1

I was pickling some variables and the process was interrupted. How do I recover data from the partially pickled file?

Pickled two lists of lists using:

import pickle
import sys

sys.setrecursionlimit(5000) # to get around max depth recursion error

with open('level4_half.pkl', 'wb') as f:
    pickle.dump([level4_url, level4_desc], f)

Checked from windows explorer that the file is not empty (158MB)

Tried to unpickle file using:

with open('level4_half.pkl','rb') as f: 
    level4_url, level4_desc = pickle.load(f)

and encountered the error:

Traceback (most recent call last):

  File "<ipython-input-18-32ed3a0e79d4>", line 2, in <module>
    level4_url, level4_desc = pickle.load(f)

EOFError

(Previously I've tried to pickle and unpickle (fully pickled) files successfully using the commands above.)

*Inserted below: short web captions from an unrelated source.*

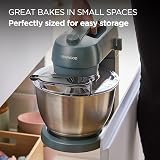 Kenwood Go Collection KZM35.000GY Storm Blue Stand Mixer 800W 4L view 2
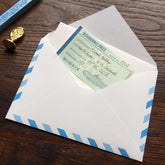 LIFE Kyupodo Airship Hotel Letter Pad - Default Title by Techo Treats Stationery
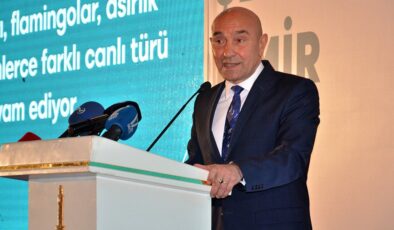 Başkan Soyer 'Yeşil İzmir' projesini açıkladı: 'Ülkemize ilham vereceğiz'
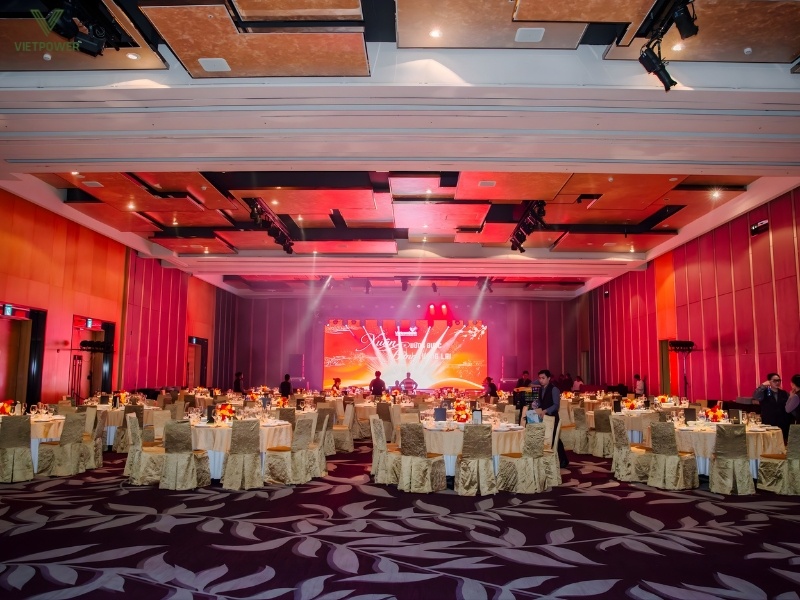 Concept tổ chức gala dinner “Bảo tàng ký ức”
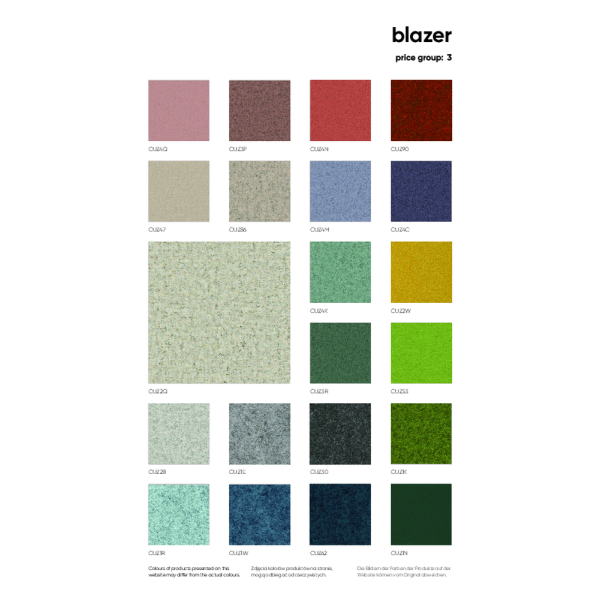 blazer - sampler 2025-07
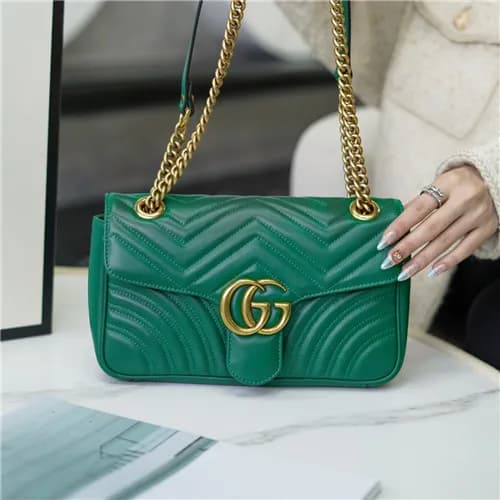 [구찌]Gucci 2020 Women's Marmont Matlase Shoulde… - 1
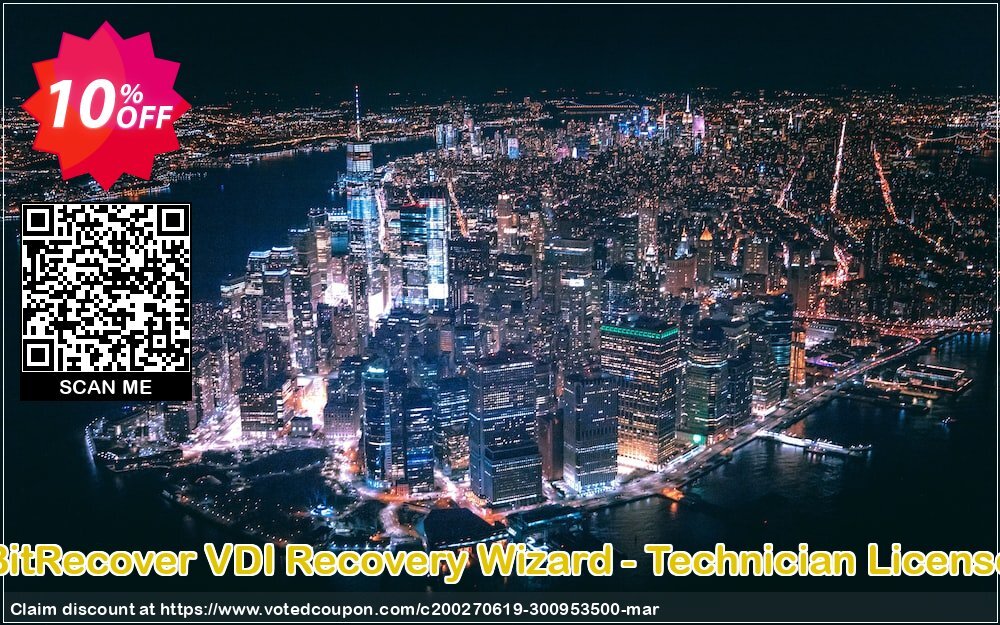 BitRecover VDI Recovery Wizard - Technician Plan Coupon Code Apr 2024, 10% OFF - VotedCoupon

I found a similar question here but I didn't use dill and am not sure if a partially pickled file is considered corrupted. My current technical skill is not so honed as to be able to quickly implement the solution there: "Read through the Python module's source code and you can probably find a way to hook all of the load_ methods to give you more information." If this turns out to be the same solution to my question, it will be great to get guidance on how I can "hook all of the load_ methods".

Thank you.

Sun
  • 11
  • 2
  • Unless there's an existing pickle recovery tool out there somewhere (I couldn't find any such thing in a brief search), it would likely be faster to regenerate/recreate the data than to manually recover the file (which would still require you to recreate the portions of the data that were lost). My approach would be to make a copy of Python's unpickling code, and modify it so that it catches the EOFError and returns whatever data it had read so far. This is likely to require multiple iterations, as the error may be nested arbitrarily deep in the process. – jasonharper May 21 '19 at 15:27
  • Thank you, in the end I did as you said which was to regenerate the file. – Sun Jun 02 '19 at 08:29
  • Can you detail more completely the method you used to regenerate the file? – McM Jul 22 '22 at 22:19

0 Answers0